This activity will give you a sense of how well students can interpret ideas about the relationship between two variables as communicated in a graph. The activity also sets the stage for assigning numbers to the axes of a graph.
To interpret the “story” that a graph tells, and to create a graph to represent a story, students must focus on how a relationship between two quantities can be expressed in this visual form. Along the way, they are encouraged to continue to employ the language of graphing—in particular, independent variable and dependent variable.
Following their explanation of Wagon Train Sketches and Situations, students work individually to interpret graphs and then to create their own graphs. In a class discussion, they share ideas and interpret each other’s work.
5 minutes for introduction
20 minutes for activity (at home or in class)
15 minutes for discussion
Individuals, then small groups, followed by whole-class discussion
Transparencies of the graphs [link to Graph Sketches pdf, p. 3–4]
Index cards (optional)
When you introduce the activity, you may want to suggest that students put their work for Part II on index cards to facilitate an exchange of problems in the discussion.
Allow time for students to share their ideas in their groups about the graphs in Part I.
You may want to introduce the term step function for the situation in Question 3. This term describes a function whose graph jumps from one horizontal segment to the next.

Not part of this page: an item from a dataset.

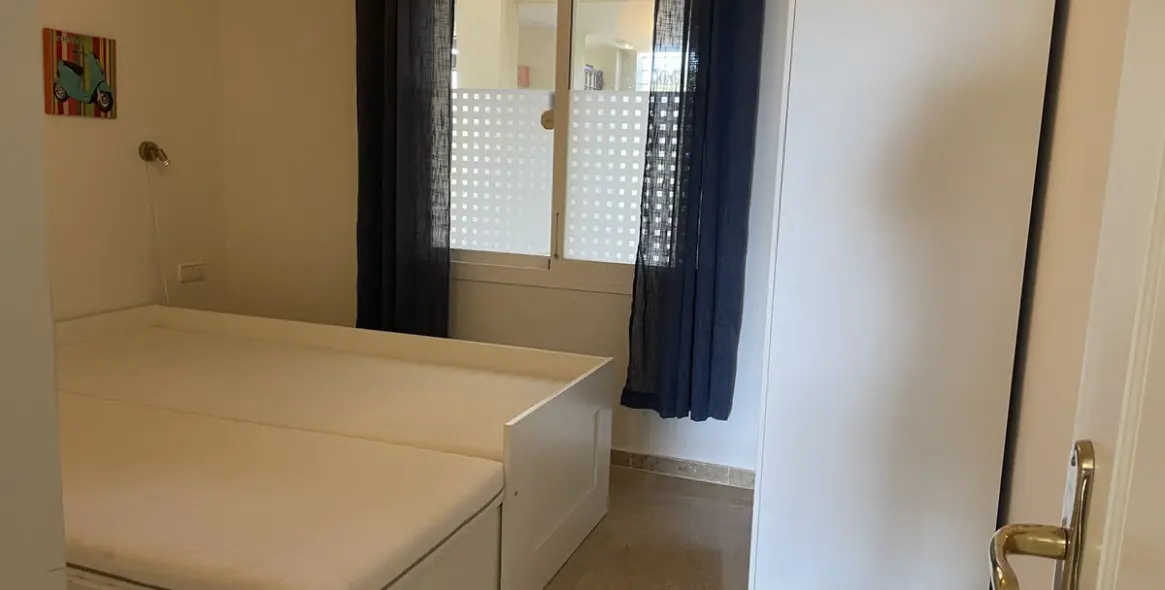 Sale of ground floor apartment in Selwo 14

You might use Questions 2 and 4 to distinguish between linear and nonlinear situations. As needed, help students to articulate that in Question 2, the graph indicates that the student’s “rate of work” increases as the POW deadline gets closer, whereas in Question 4, the amount of money grows at the same rate with each ticket sold.
You could also use these examples to illustrate discrete versus continuous variables and their resulting graphs. The independent variables in Questions 2 and 4 take on only whole-number values, whereas the dependent variables can be interpreted in different ways, depending on the degree of precision. In contrast, Question 3 has a continuous independent variable and a discrete dependent variable, while Question 1 is continuous in both variables. This idea will arise again in Question 4 of The Issues Involved.
In Part II, students may have imaginative descriptions to accompany their sketches. You might have each group pass their papers (or index cards) to the next group, with the descriptions face up. Each group should attempt to make sketches that illustrate the descriptions and then compare their sketches with those provided by the creators of the problems. If disagreement about whose answer is “correct” arises, emphasize that there can often be more than one correct graphical interpretation of a verbal description.
More Graph Sketches (reinforcement) provides a variety of contexts for which students can create additional graph sketches.